Google Cloud already is helping its retail customers predict what their store reopening ramp-ups could look like, according to Tharp. For the retailers that are quite busy right now, that includes how to keep that supply chain running efficiently, Tharp said. And for retailers that have ramped down, it includes when and how does business start picking back up and how they can ensure they're prepared.

“The coronavirus crisis created a new version of crisis for retail,” Tharp said. “Typically, as a retail executive, you have scenarios that plan for sections of a country being shut down or certain nodes being shut down, perhaps from a natural disaster, and you could really adjust…around it. This dynamic has really created a different world, where essentially all of your stores are shut down, and you may not be able to operate some warehouses. It's created a renewed focus on business continuity, and cloud capabilities are an example of a big part of that conversation. Rather than being worried about accessing IT resources and business resources on-premise, having a partner like Google who can really handle those things seamlessly (allows you to) be focused on your customer experience.”

Google Cloud’s first pillar of its retail strategy -- helping retailers accelerate digital and omni-channel revenue growth and be less store-dependent, if needed – speaks to the need for retailers to consider store footprint adjustments, according to Tharp.

“We see all of that being very important coming out of this (coronavirus) crisis,” she said. “We also have a lot of capabilities to help rapidly reduce costs.
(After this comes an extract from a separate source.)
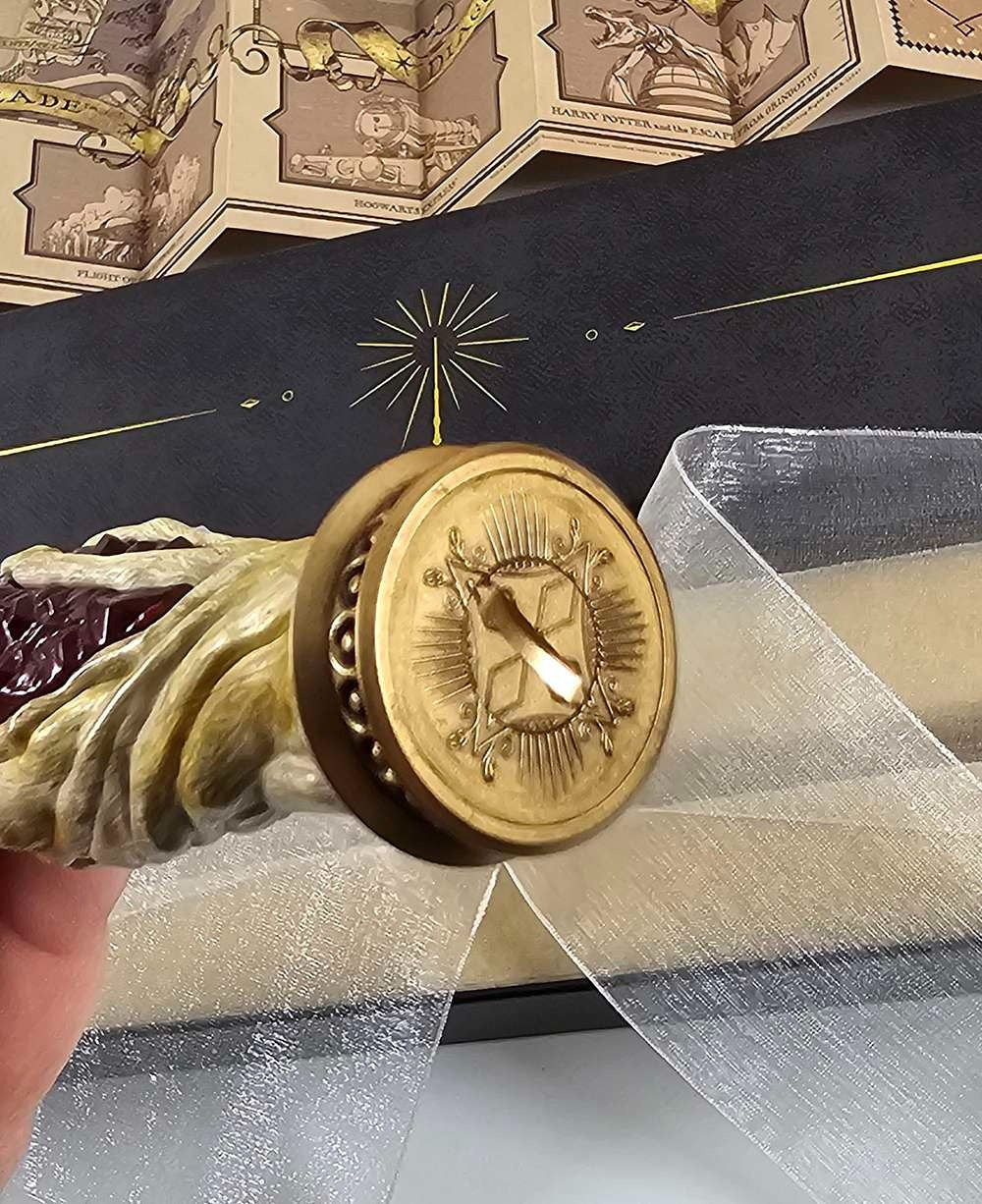 Universal Studios: Harry Potter [Pine Interactive Wand 2nd Generation] Electronics Universal Studios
As retailers are in a liquidity crisis…they'll be looking through their entire P&L (profit and loss statement) and trying to understand where they can drive cost out so they can continue to focus on their core value proposition with the customer. That's where migration to the cloud, rethinking your martech (marketing technology) stack…can help reduce costs, and things like our contact center capability…can help improve the efficiency and cost baseline there. We expect, coming out of the crisis, a lot of deep, more accelerated conversations on these capabilities that were relevant before but are now much more urgent to help shore up the retail P&L coming out of a very difficult period.”